经济危机空前加剧。1927年,日本陷入了金融危机。随着1929年资本主义世界性经济危机的到来,日本1930年发生了全面的经济危机,市场萧条,生产过剩,企业倒闭,出口减少,经济萎缩。这一年,日本资本减少和倒闭的企业共1134家,资本总额达9.35亿日元;工业总产值由上年的77.1亿日元降到59.6亿日元;农民收入减少40%,负债总额达50亿日元,农业濒于破产。1931年经济危机恶化到顶点,与1929年相比,工业总产值下降32.5%,农业总产值减少40%,出口额下降62%。到1937年,新的资本主义世界经济危机来临时,日本物价飞涨,一些工厂企业倒闭,大批工人生活日益贫困,外贸收支逆差增大,债台高筑,黄金大量外流,经济危机日益加剧。
日本频繁的经济危机,加深了本就尖锐的政治危机。工人罢工浪潮此起彼伏,广大劳动人民与统治阶级的矛盾不断激化,国内政局动荡不安。1931年至1937年,就更迭七次政府内阁。一批军国主义分子不断发动军事政变和进行谋杀活动。1932年5月,继1931年3月和10月两次发动军事政变未遂后,一支以少数海军下级军官为主的队伍偷袭首相官邸,枪杀了首相犬养毅。从此,日本结束了政党内阁时代,逐渐形成由日本军阀主宰内阁的新体制。由于对实行法西斯的手段和步骤存在严重分歧,日本军阀内部分裂为皇道派和统制派。1936年2月26日,皇道派发动军事政变,致使政府中枢瘫痪。统制派乘机掌握了政府大部分权力,进而通过肃军统一了皇道派。从此,军部主导内阁大权,正式确立起法西斯统治体制。这一切情况表明,日本帝国主义处于经济和政治矛盾的旋涡之中。

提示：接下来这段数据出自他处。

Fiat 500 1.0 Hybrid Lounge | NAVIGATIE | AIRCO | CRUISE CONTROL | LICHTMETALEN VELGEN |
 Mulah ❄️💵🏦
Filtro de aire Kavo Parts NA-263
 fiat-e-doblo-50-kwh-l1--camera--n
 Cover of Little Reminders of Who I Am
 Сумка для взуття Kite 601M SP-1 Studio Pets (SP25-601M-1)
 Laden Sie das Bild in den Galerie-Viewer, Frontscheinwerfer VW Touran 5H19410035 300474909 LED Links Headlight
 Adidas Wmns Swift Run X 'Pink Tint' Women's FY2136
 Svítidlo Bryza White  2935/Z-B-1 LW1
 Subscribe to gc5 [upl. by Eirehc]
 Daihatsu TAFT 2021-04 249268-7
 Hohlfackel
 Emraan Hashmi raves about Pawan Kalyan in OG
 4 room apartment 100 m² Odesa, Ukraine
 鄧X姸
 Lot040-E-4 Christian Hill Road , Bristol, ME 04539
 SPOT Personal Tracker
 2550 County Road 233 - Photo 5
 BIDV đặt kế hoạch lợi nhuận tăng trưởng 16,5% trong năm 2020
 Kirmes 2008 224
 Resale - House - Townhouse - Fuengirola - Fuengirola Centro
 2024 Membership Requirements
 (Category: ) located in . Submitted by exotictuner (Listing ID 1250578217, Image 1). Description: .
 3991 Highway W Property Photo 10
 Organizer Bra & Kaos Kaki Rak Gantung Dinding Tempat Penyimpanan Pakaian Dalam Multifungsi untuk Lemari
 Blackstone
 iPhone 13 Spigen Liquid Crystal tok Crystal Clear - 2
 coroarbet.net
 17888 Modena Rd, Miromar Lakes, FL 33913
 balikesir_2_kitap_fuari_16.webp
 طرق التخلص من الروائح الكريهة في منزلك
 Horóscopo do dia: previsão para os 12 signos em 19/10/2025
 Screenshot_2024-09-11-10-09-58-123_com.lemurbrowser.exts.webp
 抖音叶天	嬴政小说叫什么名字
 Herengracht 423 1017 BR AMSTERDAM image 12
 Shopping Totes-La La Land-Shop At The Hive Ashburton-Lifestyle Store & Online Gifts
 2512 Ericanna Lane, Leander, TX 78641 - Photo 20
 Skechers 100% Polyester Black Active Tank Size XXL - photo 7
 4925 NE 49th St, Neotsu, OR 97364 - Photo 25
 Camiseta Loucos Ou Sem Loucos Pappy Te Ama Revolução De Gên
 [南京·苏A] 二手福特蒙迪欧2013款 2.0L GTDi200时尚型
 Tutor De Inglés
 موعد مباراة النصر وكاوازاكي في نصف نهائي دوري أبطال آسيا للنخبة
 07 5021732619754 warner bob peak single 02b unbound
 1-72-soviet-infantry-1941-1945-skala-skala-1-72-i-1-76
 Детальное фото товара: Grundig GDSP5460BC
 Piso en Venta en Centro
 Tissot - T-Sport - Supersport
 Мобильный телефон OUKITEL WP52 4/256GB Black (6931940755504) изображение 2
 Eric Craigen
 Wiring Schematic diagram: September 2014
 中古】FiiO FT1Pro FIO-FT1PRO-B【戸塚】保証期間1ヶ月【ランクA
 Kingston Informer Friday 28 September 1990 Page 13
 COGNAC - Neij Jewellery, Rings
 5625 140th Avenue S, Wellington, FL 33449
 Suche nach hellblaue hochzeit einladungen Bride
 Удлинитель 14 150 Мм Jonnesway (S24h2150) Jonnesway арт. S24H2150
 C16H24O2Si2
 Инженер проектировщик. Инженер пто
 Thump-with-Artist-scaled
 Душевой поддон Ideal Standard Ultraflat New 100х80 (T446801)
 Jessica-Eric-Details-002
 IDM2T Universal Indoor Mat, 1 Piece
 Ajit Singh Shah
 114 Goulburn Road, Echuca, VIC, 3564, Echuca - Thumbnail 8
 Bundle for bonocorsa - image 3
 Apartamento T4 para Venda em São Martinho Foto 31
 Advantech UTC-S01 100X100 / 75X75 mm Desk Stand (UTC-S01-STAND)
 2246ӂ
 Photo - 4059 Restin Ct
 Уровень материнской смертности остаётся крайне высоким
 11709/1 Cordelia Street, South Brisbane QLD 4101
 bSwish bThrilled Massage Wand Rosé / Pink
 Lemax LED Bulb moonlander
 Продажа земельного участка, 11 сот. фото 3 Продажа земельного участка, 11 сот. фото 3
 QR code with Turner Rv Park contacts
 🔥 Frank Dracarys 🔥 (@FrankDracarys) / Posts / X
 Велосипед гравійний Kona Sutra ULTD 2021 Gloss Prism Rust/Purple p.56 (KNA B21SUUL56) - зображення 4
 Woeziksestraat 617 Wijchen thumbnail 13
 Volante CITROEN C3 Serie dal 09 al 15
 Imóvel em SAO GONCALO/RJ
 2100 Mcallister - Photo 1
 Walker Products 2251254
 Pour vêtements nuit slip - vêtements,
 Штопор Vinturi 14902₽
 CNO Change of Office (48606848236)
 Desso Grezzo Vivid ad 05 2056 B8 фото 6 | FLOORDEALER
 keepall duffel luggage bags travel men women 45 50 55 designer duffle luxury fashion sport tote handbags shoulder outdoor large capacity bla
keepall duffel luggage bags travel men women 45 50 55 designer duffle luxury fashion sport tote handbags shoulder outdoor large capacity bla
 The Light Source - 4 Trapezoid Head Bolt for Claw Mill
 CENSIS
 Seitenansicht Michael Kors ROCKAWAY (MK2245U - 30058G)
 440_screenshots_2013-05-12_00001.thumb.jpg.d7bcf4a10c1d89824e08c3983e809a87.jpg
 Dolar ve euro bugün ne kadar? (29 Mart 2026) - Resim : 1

当时,中国自1935年一二·九抗日救亡运动,尤其是1936年12月西安事变和平解决和1937年2月国民党五届三中全会后,虽出现了停止内战、一致抗日的新局面,但全国性抗战的时机还没有到来,抗日民族统一战线尚未正式形成,这使日本帝国主义全面侵华有机可乘。
与此同时,国际上的绥靖主义思潮加速了日本帝国主义发动全面侵华战争。以英美为代表的帝国主义集团虽然与日本帝国主义有矛盾,但一方面为了应付经济危机和德国、意大利法西斯在西方的挑战,另一方面出于对日本帝国主义损害其在中国乃至亚洲的权益和中国人民革命危及其在华利益的惧怕,加上企图把日本侵略的矛头指向苏联,英美等对日本帝国主义采取了所谓“中立”和“不干涉”的绥靖主义政策,不断向日本帝国主义援助钢铁和石油等战略物资,从而成为日本帝国主义发动全面侵华战争的催化剂。
为了摆脱国内外的经济、政治危机,在英、美等国绥靖政策的纵容和支持下,日本帝国主义乘机发动一场全面侵华战争的决心日渐形成。
在这种情况下,日本帝国主义加快了进行全面侵华战争的准备步伐。
第一,修改其国防方针和用兵纲领,大力进行扩军备战。1936年5月新修改的《帝国国防方针》和《帝国军队用兵纲领》,提出了大规模扩军的计划,规定陆军步兵扩充到50个师团,航空兵扩大到142个中队;海军主力舰扩大到12艘,航空母舰扩大到12艘,其他舰艇扩大到194艘,航空兵扩大到65个中队。实际上,仅陆军总兵力,至1937年上半年,即由1930年的25万人发展到40余万人。1937年7月时,日本陆军共有17个师团,2个独立混成旅团,1个骑兵集团,1个飞行集团,1个航空兵团;海军共有各种舰艇199艘、计77.1万吨,航空兵37个中队,各种飞机685架。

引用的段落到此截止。